Nunca como nestes tempos em que somos sujeitos a um bombardeamento diário de informação( e desinformação), em que não sabemos bem a proveniência das notícias que nos chegam e a credibilidade das fontes que as produzem, em que verdade e mentira se confundem alegremente nos sites, nas redes sociais e nas nossas cabeças, é tão importante aprendermos a selecionar essa informação e a dar credibilidade àquilo que corresponde à realidade do mundo que nos rodeia, ao que é rigoroso, factual e verdadeiro.

Numa altura em que a expressão “fake news” se banalizou e em que todos se agarram cegamente às suas “verdades” não é demais recordar que se todos temos direito às nossas opiniões não temos o mesmo direito aos “nossos” factos. Por isso cada vez mais têm surgido na comunicação social, especialmente na internet e nas televisões, as rubricas e os programas de fact-checking e apuramento do rigor da informação que circula na esfera mediática, de que são exemplos entre nós o Polígrafo SIC, a Hora da Verdade na TVI e a Prova dos Factos no jornal Público.

Esta tendência que acompanha o que se passa no resto do mundo e que veio satisfazer uma necessidade premente em virtude da enxurrada de “notícias” que nos chegam de todo o lado e da dificuldade natural de conseguirmos por nós mesmos distinguir o que é verdade do que é  mentira, boato, propaganda ou apenas mera lavagem cerebral, é cada vez mais urgente num mundo que está em constante alvoroço, em que tudo o que acontece numa parte do mundo chega instantaneamente ao resto do planeta, em que todos carregamos connosco uma câmara de fotografar e filmar, um gravador e a vontade de descrever, de falar, de contar o que vemos e de dar opiniões, mesmo que ninguém nos tenha perguntado por elas. Todavia o que proponho aqui é algo diferente, complementar e igualmente fundamental, mas que vai além do conceito de verificação dos factos. É realmente importante sabermos se o que chega ao nosso cérebro corresponde à realidade do que aconteceu de facto, termos a certeza de que o conhecimento que adquirimos é sólido e baseado na ciência e que de forma alguma estamos a ser manipulados, “orientados” ou “levados” a fazer algo contra os nossos melhores interesses, seja numa cabine de voto, numa caixa de supermercado ou no meio da rua a gritar palavras de ordem contra ou a favor de alguém.

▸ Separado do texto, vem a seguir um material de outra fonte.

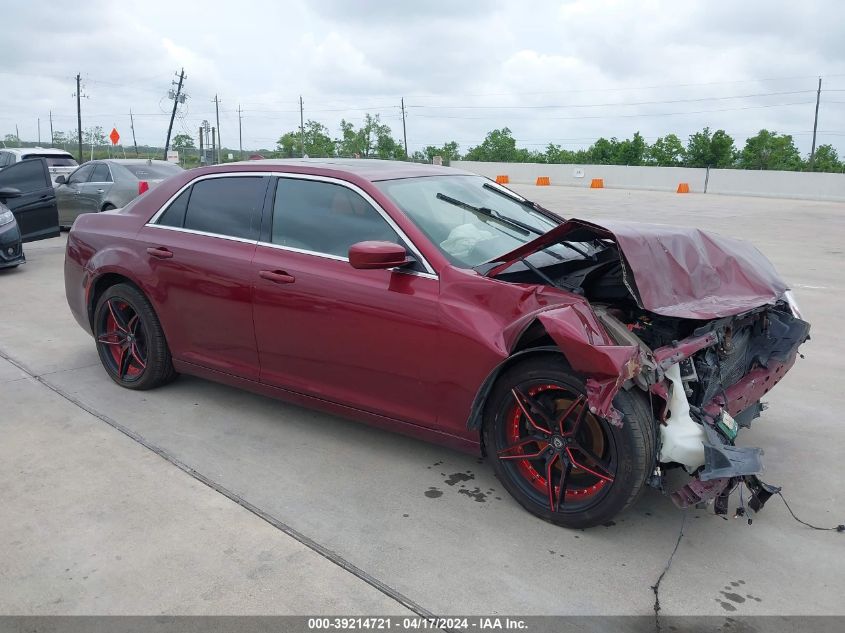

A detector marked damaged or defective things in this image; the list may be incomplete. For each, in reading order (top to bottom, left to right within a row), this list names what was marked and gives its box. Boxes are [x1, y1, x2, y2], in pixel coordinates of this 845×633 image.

cracked concrete surface [0, 186, 840, 612]
damaged red sedan [62, 160, 808, 524]
crumpled hood [484, 217, 788, 318]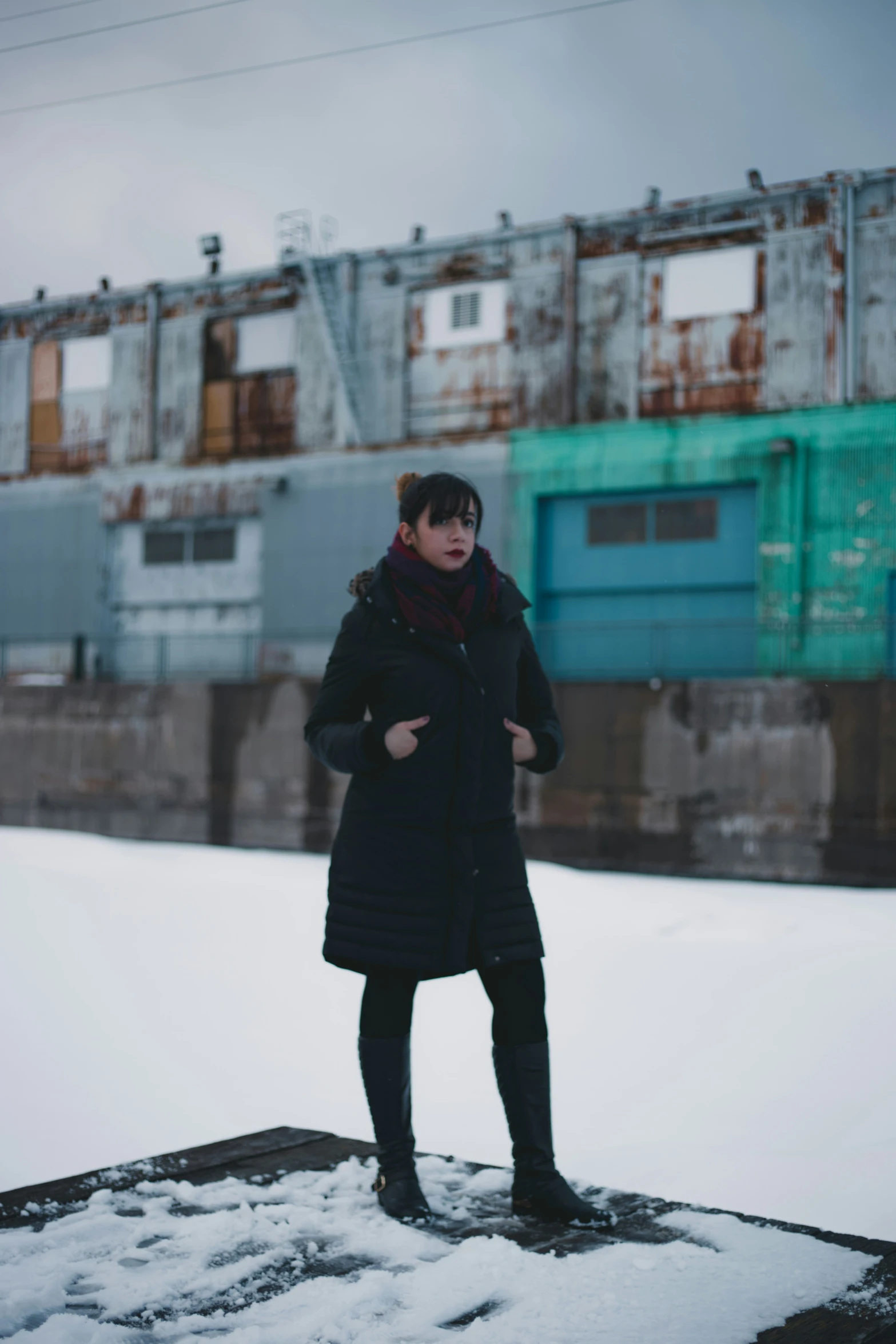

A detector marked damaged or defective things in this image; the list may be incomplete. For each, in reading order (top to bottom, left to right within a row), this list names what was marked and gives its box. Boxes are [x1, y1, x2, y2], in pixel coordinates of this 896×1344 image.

rusty industrial building [2, 166, 896, 883]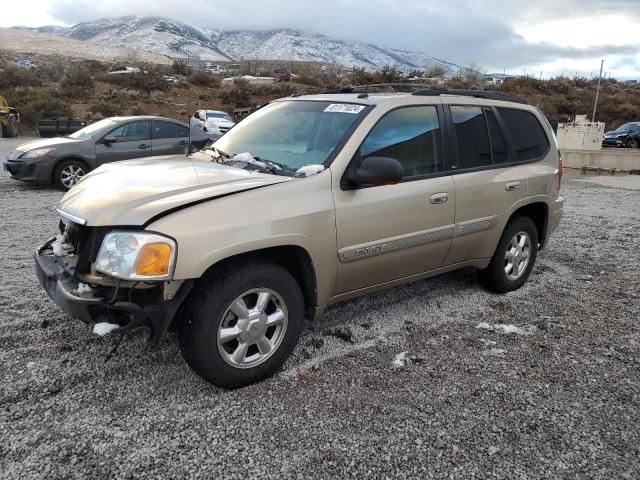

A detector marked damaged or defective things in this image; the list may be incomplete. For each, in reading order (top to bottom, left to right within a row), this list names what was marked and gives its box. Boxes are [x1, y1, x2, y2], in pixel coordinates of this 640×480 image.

crushed front end [34, 219, 192, 344]
damaged front bumper [35, 237, 192, 344]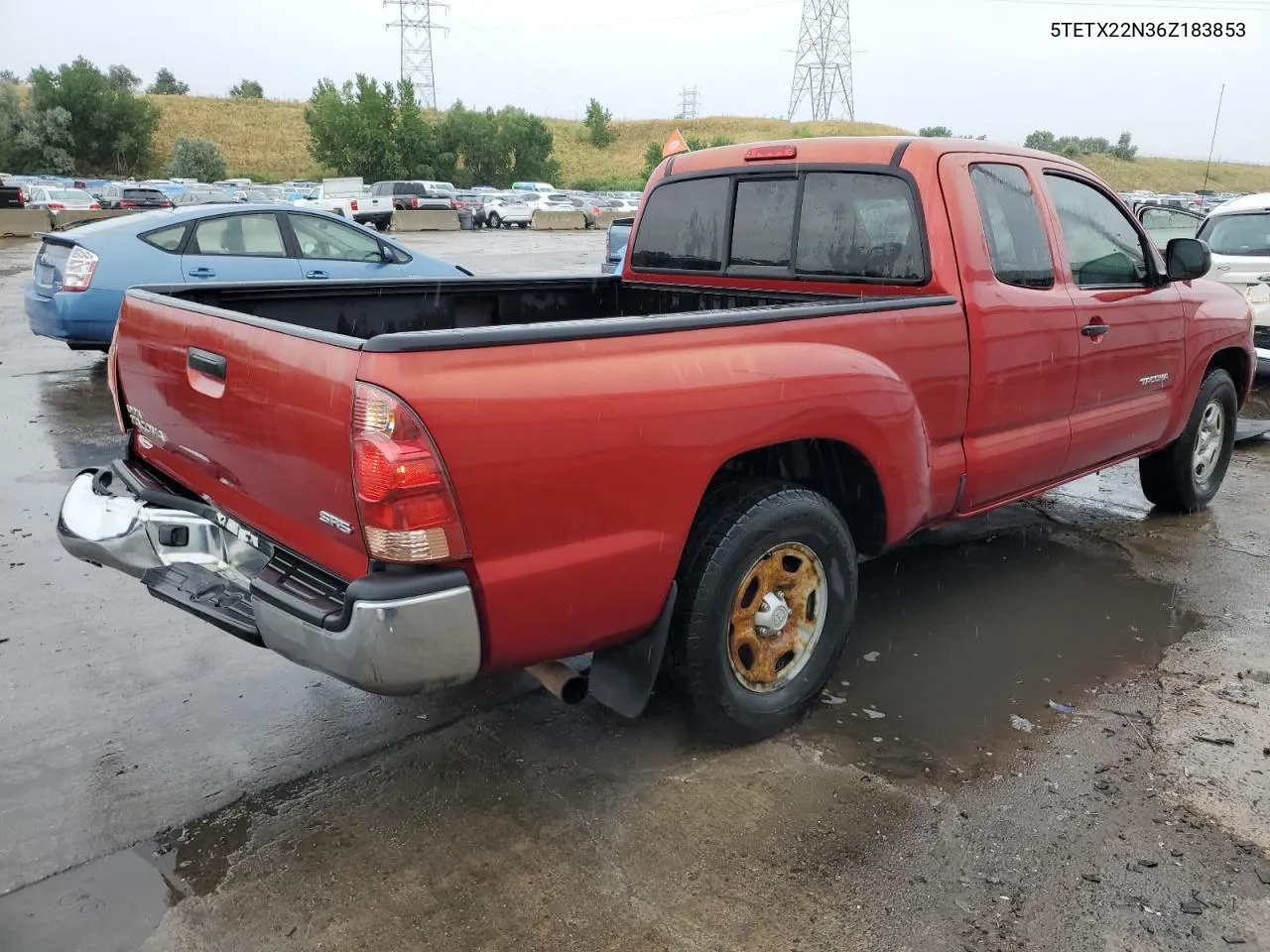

Mas tão ou mais importante é saber o que fazermos com esse conhecimento, de que maneira o devemos interpretar e aproveitar para com ele tomarmos decisões mais bem estruturadas, ancoradas na realidade, coerentes e alinhadas com os nossos princípios e valores, em suma melhores e mais produtivas para nós. Esse foi o desafio abraçado há algumas décadas atrás pelo professor Daniel Kahnemann e pelo seu companheiro de percurso já falecido, o psicólogo Amos Tverski, que deu origem ao campo da economia comportamental e ao estudo de como nos comportamos em função de certos estímulos exteriores, de como muitas vezes assumimos perceções e perspetivas erradas, de como não sabemos tratar a informação estatística e de como as nossas decisões são muitas vezes condicionadas por vieses e deturpações dos dados que a nossa mente recebe mas não consegue processar corretamente.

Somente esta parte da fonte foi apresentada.